James Bottomley Feb. 18, 2020, 11:50 p.m. UTC | #1
On Tue, 2020-02-18 at 15:33 +0100, Christian Brauner wrote:
> In the usual case of running an unprivileged container we will have
> setup an id mapping, e.g. 0 100000 100000. The on-disk mapping will
> correspond to this id mapping, i.e. all files which we want to appear
> as 0:0 inside the user namespace will be chowned to 100000:100000 on
> the host. This works, because whenever the kernel needs to do a
> filesystem access it will lookup the corresponding uid and gid in the
> idmapping tables of the container. Now think about the case where we
> want to have an id mapping of 0 100000 100000 but an on-disk mapping
> of 0 300000 100000 which is needed to e.g. share a single on-disk
> mapping with multiple containers that all have different id mappings.
> This will be problematic.
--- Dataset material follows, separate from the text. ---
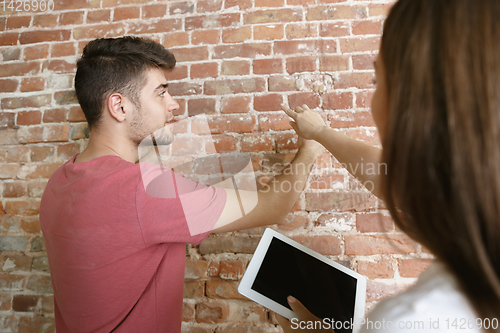 Image of Young couple doing apartment repair together themselves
Whenever a filesystem access is requested,
> the kernel will now try to lookup a mapping for 300000 in the id
> mapping tables of the user namespace but since there is none the
> files will appear to be owned by the overflow id, i.e. usually
> 65534:65534 or nobody:nogroup.
> 
> With fsid mappings we can solve this by writing an id mapping of 0
> 100000 100000 and an fsid mapping of 0 300000 100000. On filesystem
> access the kernel will now lookup the mapping for 300000 in the fsid
> mapping tables of the user namespace. And since such a mapping
> exists, the corresponding files will have correct ownership.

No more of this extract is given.